# Ondura pannels



## Ross (May 9, 2002)

Saw them at Lowes. They're a sheet metal roofing alternative kind of like he old wavet corugated stuff you got years ago. its a sort of fibreglass asphalt composite (if i rmember right) Anyone used it? Good price compared to steel, and only a little more than shingles.


----------



## Cyngbaeld (May 20, 2004)

http://www.homesteadingtoday.com/archive/index.php/t-350742.html

I don't think they look like a good deal.


----------



## TacticalTrout (Jan 7, 2010)

I don't have any personal experience with this product but have seen both good and bad reviews on this product.

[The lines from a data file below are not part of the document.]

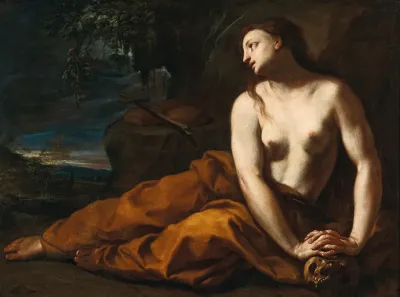 Mary Of Egypt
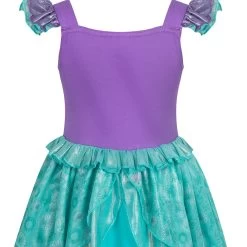 Ariel Disney Story Play Dress For Kids – The Little Mermaid 13 Ariel Disney Story Play Dress For Kids – The Little Mermaid -Disney 5002041400299 3
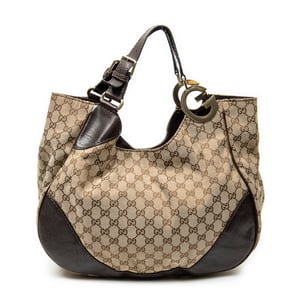 Charlotte Tote  Shoulder Bag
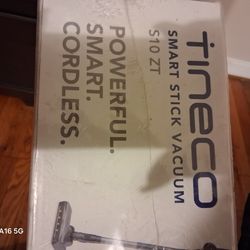 Smart VAC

I'll also be interested to see if anyone here has some real world experience.


----------



## Windy in Kansas (Jun 16, 2002)

Most of the poster on these forums that have written about Ondura doesn't speak kindly of the product. One however did think it was great and lasted well. 

The stuff reminds me of the old orangeburg pipe.

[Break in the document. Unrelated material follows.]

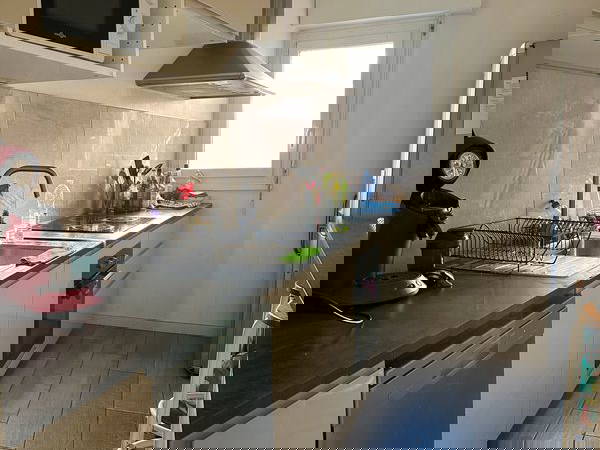 Colocación Évry-Courcouronnes 392821-5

I have see corners of it damaged in the store and didn't especially care for what I saw. 

My feeling is that the jury is still out on it.


----------



## Ross (May 9, 2002)

Thanks for the link I had missed that! I wish I could get steel for the prices I saw in hat thread. Coloured stuff here is over a $100/square.


----------



## tiogacounty (Oct 27, 2005)

Ross said:


> Saw them at Lowes. They're a sheet metal roofing alternative kind of like he old wavet corugated stuff you got years ago. its a sort of fibreglass asphalt composite (if i rmember right) Anyone used it? Good price compared to steel, and only a little more than shingles.


 It's a mystery to me as to why Lowe's keeps schlepping this garbage? I haven't seen a sheet of it get nailed to anything in years around these parts. As others have said, it isn't worth the trouble. It isn't particularly durable, it fades horribly, and it can blow off easily. Other than that, it's fine:happy0035:


----------



## Ross (May 9, 2002)

Yeah that's an opinion I'm not ignoring except there are some happy customers in te offerd thread. I guess they spec nails over screws because the screws would tear it apart. Ah well shingles are cheap too.


----------



## texican (Oct 4, 2003)

Ross said:


> Thanks for the link I had missed that! I wish I could get steel for the prices I saw in hat thread. Coloured stuff here is over a $100/square.


As I don't live in Ontario, have no idea if the metal roofing is as prevalent there as it is here. I daresay, over 95% of new barns are sided and roofed with the metal siding hereabouts... Every town of 20K or more seems to have a manufacturer. There are two of them, within 30 minutes of here. Can get galvalume low as 55/square, even less for seconds.

No first hand knowledge of Ondura, but it is made out of fiberglass I believe, and I know how well my fiberglass greenhouse panels have performed (had to remove them... got all fibrousy way too fast).


----------



## freegal (Mar 4, 2005)

We did our barn roof with Ondura at least five years ago. As I posted in that earlier thread - the roof still looks good, the Ondura is holding up well, it doesn't leak, hasn't blown off (and there is plenty of strong wind and stormy weather here!) or chipped off. It is good stuff and affordable. Back when we needed the roof done, having it done in steel was a way too expensive option for us. My DH & DS did the roof in Ondura themselves quickly and inexpensively. We still are happy with the roof!


----------



## ErinP (Aug 23, 2007)

We did our barn/shop roof in Ondura, too. It's gone through a couple of Kansas summers (read hail and wind!!) and it's holding well.  It was easy to work with and went up quickly. We're using some more this summer for a new chicken coop.

On the other hand, _because_ of the mixed reviews, we don't want to put it on our house's roof.

No, tx, it's not fiberglass. It's a formed asphalt type of thing...


----------



## rhome (Aug 10, 2006)

We used Ondura 15 years ago because it was cheap and easy for me to handle solo.
Paint and sub material is degraded on south side
Ridge cap has collapsed
Portions of the panels collapsed on south side
Ring shank nails worked loose
Much care is needed to use the ring shank nails, the Ondura crushed easily
Adapters for chimney and vent pipes=hinkey PITA and $$$
Must use 1 1/2" pvc pipe in grooves to walk/work on Ondura, good luck if you have more than a 4/12 pitch
Small tree branches can puncture panels
I've probably got a few more reasons to discourage anyone from using this product
Good luck
15 years ago it was a fairly new product...ahh well
New metal panels for the roof this spring


----------